** Opening PROVIDED ENTRIES block **

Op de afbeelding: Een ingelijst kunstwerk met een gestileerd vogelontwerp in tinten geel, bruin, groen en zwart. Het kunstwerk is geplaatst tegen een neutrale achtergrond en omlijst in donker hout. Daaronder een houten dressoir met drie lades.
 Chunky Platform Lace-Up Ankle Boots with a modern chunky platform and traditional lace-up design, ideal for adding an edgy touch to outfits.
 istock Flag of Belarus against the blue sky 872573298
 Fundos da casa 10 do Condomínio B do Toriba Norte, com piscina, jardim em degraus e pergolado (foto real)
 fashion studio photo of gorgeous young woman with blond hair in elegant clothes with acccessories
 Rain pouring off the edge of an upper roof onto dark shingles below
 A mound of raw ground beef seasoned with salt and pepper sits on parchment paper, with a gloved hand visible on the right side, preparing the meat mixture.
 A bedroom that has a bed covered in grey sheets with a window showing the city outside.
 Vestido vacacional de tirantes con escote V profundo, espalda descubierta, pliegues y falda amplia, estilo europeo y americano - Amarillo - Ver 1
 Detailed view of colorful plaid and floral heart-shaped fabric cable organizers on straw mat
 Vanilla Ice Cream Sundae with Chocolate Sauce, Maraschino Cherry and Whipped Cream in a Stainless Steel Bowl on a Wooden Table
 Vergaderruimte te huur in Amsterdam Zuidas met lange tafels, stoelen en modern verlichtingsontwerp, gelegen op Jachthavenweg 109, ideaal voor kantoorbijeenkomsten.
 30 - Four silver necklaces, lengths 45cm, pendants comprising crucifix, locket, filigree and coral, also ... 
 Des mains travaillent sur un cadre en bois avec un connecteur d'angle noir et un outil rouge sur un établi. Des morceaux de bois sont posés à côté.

** Closing PROVIDED ENTRIES block **

● **ASSIGNMENT**
Retype every entry without changing anything.

● **FINISHED EXERCISE**
Op de afbeelding: Een ingelijst kunstwerk met een gestileerd vogelontwerp in tinten geel, bruin, groen en zwart. Het kunstwerk is geplaatst tegen een neutrale achtergrond en omlijst in donker hout. Daaronder een houten dressoir met drie lades.
 Chunky Platform Lace-Up Ankle Boots with a modern chunky platform and traditional lace-up design, ideal for adding an edgy touch to outfits.
 istock Flag of Belarus against the blue sky 872573298
 Fundos da casa 10 do Condomínio B do Toriba Norte, com piscina, jardim em degraus e pergolado (foto real)
 fashion studio photo of gorgeous young woman with blond hair in elegant clothes with acccessories
 Rain pouring off the edge of an upper roof onto dark shingles below
 A mound of raw ground beef seasoned with salt and pepper sits on parchment paper, with a gloved hand visible on the right side, preparing the meat mixture.
 A bedroom that has a bed covered in grey sheets with a window showing the city outside.
 Vestido vacacional de tirantes con escote V profundo, espalda descubierta, pliegues y falda amplia, estilo europeo y americano - Amarillo - Ver 1
 Detailed view of colorful plaid and floral heart-shaped fabric cable organizers on straw mat
 Vanilla Ice Cream Sundae with Chocolate Sauce, Maraschino Cherry and Whipped Cream in a Stainless Steel Bowl on a Wooden Table
 Vergaderruimte te huur in Amsterdam Zuidas met lange tafels, stoelen en modern verlichtingsontwerp, gelegen op Jachthavenweg 109, ideaal voor kantoorbijeenkomsten.
 30 - Four silver necklaces, lengths 45cm, pendants comprising crucifix, locket, filigree and coral, also ... 
 Des mains travaillent sur un cadre en bois avec un connecteur d'angle noir et un outil rouge sur un établi. Des morceaux de bois sont posés à côté.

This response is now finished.